Directions for this task: Print the records below exactly, leaving out nothing.

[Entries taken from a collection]
^^^^^^^^

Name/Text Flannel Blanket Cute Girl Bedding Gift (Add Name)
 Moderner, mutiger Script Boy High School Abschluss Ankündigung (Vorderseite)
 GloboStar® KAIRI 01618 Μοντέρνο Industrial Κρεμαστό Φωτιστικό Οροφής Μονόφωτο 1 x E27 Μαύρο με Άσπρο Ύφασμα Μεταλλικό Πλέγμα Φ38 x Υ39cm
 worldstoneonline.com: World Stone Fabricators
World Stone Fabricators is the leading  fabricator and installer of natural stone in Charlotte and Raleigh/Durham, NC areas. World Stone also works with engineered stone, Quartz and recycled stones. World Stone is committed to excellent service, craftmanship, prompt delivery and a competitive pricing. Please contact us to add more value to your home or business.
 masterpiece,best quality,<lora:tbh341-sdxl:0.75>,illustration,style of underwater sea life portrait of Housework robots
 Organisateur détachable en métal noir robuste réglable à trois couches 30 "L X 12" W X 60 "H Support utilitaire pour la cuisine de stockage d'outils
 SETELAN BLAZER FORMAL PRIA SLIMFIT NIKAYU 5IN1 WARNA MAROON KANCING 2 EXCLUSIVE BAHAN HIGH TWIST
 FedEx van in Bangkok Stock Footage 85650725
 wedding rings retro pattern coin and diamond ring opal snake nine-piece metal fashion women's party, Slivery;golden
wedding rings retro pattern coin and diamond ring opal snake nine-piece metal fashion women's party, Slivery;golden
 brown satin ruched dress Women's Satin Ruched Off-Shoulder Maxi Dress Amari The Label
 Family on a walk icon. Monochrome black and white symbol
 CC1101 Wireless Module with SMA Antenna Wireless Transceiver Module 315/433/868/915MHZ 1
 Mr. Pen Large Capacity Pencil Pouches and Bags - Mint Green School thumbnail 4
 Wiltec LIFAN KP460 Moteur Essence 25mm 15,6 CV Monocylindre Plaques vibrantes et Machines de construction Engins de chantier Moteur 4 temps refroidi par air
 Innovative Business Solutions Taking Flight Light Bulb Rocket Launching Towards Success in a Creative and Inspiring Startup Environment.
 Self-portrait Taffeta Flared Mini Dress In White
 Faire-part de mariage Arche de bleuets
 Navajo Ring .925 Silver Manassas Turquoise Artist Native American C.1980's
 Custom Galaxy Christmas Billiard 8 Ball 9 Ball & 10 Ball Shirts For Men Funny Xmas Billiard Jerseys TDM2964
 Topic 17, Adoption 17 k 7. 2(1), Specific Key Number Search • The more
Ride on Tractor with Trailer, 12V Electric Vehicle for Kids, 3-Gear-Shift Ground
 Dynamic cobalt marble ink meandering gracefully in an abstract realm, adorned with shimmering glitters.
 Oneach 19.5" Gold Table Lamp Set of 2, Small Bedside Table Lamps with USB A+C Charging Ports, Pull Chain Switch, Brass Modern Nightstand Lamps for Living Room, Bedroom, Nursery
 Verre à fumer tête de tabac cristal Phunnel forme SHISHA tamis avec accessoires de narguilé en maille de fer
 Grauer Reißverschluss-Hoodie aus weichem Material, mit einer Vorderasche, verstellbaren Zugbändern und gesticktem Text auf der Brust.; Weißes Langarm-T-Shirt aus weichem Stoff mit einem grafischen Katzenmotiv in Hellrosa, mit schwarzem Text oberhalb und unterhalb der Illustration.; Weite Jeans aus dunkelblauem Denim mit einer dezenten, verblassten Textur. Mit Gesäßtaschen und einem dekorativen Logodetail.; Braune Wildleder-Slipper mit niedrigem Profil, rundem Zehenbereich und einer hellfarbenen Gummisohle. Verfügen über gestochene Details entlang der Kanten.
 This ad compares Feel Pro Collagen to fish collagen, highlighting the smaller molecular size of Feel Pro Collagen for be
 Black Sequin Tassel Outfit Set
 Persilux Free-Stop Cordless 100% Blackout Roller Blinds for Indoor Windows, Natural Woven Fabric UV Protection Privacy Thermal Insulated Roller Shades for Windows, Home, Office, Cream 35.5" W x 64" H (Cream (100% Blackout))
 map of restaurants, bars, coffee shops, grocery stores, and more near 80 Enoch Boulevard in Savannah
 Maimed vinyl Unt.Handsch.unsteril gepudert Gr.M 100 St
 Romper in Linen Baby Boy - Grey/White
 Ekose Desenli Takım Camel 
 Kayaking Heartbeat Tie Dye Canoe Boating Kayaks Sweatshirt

^^^^^^^^

Answer below:
Name/Text Flannel Blanket Cute Girl Bedding Gift (Add Name)
 Moderner, mutiger Script Boy High School Abschluss Ankündigung (Vorderseite)
 GloboStar® KAIRI 01618 Μοντέρνο Industrial Κρεμαστό Φωτιστικό Οροφής Μονόφωτο 1 x E27 Μαύρο με Άσπρο Ύφασμα Μεταλλικό Πλέγμα Φ38 x Υ39cm
 worldstoneonline.com: World Stone Fabricators
World Stone Fabricators is the leading  fabricator and installer of natural stone in Charlotte and Raleigh/Durham, NC areas. World Stone also works with engineered stone, Quartz and recycled stones. World Stone is committed to excellent service, craftmanship, prompt delivery and a competitive pricing. Please contact us to add more value to your home or business.
 masterpiece,best quality,<lora:tbh341-sdxl:0.75>,illustration,style of underwater sea life portrait of Housework robots
 Organisateur détachable en métal noir robuste réglable à trois couches 30 "L X 12" W X 60 "H Support utilitaire pour la cuisine de stockage d'outils
 SETELAN BLAZER FORMAL PRIA SLIMFIT NIKAYU 5IN1 WARNA MAROON KANCING 2 EXCLUSIVE BAHAN HIGH TWIST
 FedEx van in Bangkok Stock Footage 85650725
 wedding rings retro pattern coin and diamond ring opal snake nine-piece metal fashion women's party, Slivery;golden
wedding rings retro pattern coin and diamond ring opal snake nine-piece metal fashion women's party, Slivery;golden
 brown satin ruched dress Women's Satin Ruched Off-Shoulder Maxi Dress Amari The Label
 Family on a walk icon. Monochrome black and white symbol
 CC1101 Wireless Module with SMA Antenna Wireless Transceiver Module 315/433/868/915MHZ 1
 Mr. Pen Large Capacity Pencil Pouches and Bags - Mint Green School thumbnail 4
 Wiltec LIFAN KP460 Moteur Essence 25mm 15,6 CV Monocylindre Plaques vibrantes et Machines de construction Engins de chantier Moteur 4 temps refroidi par air
 Innovative Business Solutions Taking Flight Light Bulb Rocket Launching Towards Success in a Creative and Inspiring Startup Environment.
 Self-portrait Taffeta Flared Mini Dress In White
 Faire-part de mariage Arche de bleuets
 Navajo Ring .925 Silver Manassas Turquoise Artist Native American C.1980's
 Custom Galaxy Christmas Billiard 8 Ball 9 Ball & 10 Ball Shirts For Men Funny Xmas Billiard Jerseys TDM2964
 Topic 17, Adoption 17 k 7. 2(1), Specific Key Number Search • The more
Ride on Tractor with Trailer, 12V Electric Vehicle for Kids, 3-Gear-Shift Ground
 Dynamic cobalt marble ink meandering gracefully in an abstract realm, adorned with shimmering glitters.
 Oneach 19.5" Gold Table Lamp Set of 2, Small Bedside Table Lamps with USB A+C Charging Ports, Pull Chain Switch, Brass Modern Nightstand Lamps for Living Room, Bedroom, Nursery
 Verre à fumer tête de tabac cristal Phunnel forme SHISHA tamis avec accessoires de narguilé en maille de fer
 Grauer Reißverschluss-Hoodie aus weichem Material, mit einer Vorderasche, verstellbaren Zugbändern und gesticktem Text auf der Brust.; Weißes Langarm-T-Shirt aus weichem Stoff mit einem grafischen Katzenmotiv in Hellrosa, mit schwarzem Text oberhalb und unterhalb der Illustration.; Weite Jeans aus dunkelblauem Denim mit einer dezenten, verblassten Textur. Mit Gesäßtaschen und einem dekorativen Logodetail.; Braune Wildleder-Slipper mit niedrigem Profil, rundem Zehenbereich und einer hellfarbenen Gummisohle. Verfügen über gestochene Details entlang der Kanten.
 This ad compares Feel Pro Collagen to fish collagen, highlighting the smaller molecular size of Feel Pro Collagen for be
 Black Sequin Tassel Outfit Set
 Persilux Free-Stop Cordless 100% Blackout Roller Blinds for Indoor Windows, Natural Woven Fabric UV Protection Privacy Thermal Insulated Roller Shades for Windows, Home, Office, Cream 35.5" W x 64" H (Cream (100% Blackout))
 map of restaurants, bars, coffee shops, grocery stores, and more near 80 Enoch Boulevard in Savannah
 Maimed vinyl Unt.Handsch.unsteril gepudert Gr.M 100 St
 Romper in Linen Baby Boy - Grey/White
 Ekose Desenli Takım Camel 
 Kayaking Heartbeat Tie Dye Canoe Boating Kayaks Sweatshirt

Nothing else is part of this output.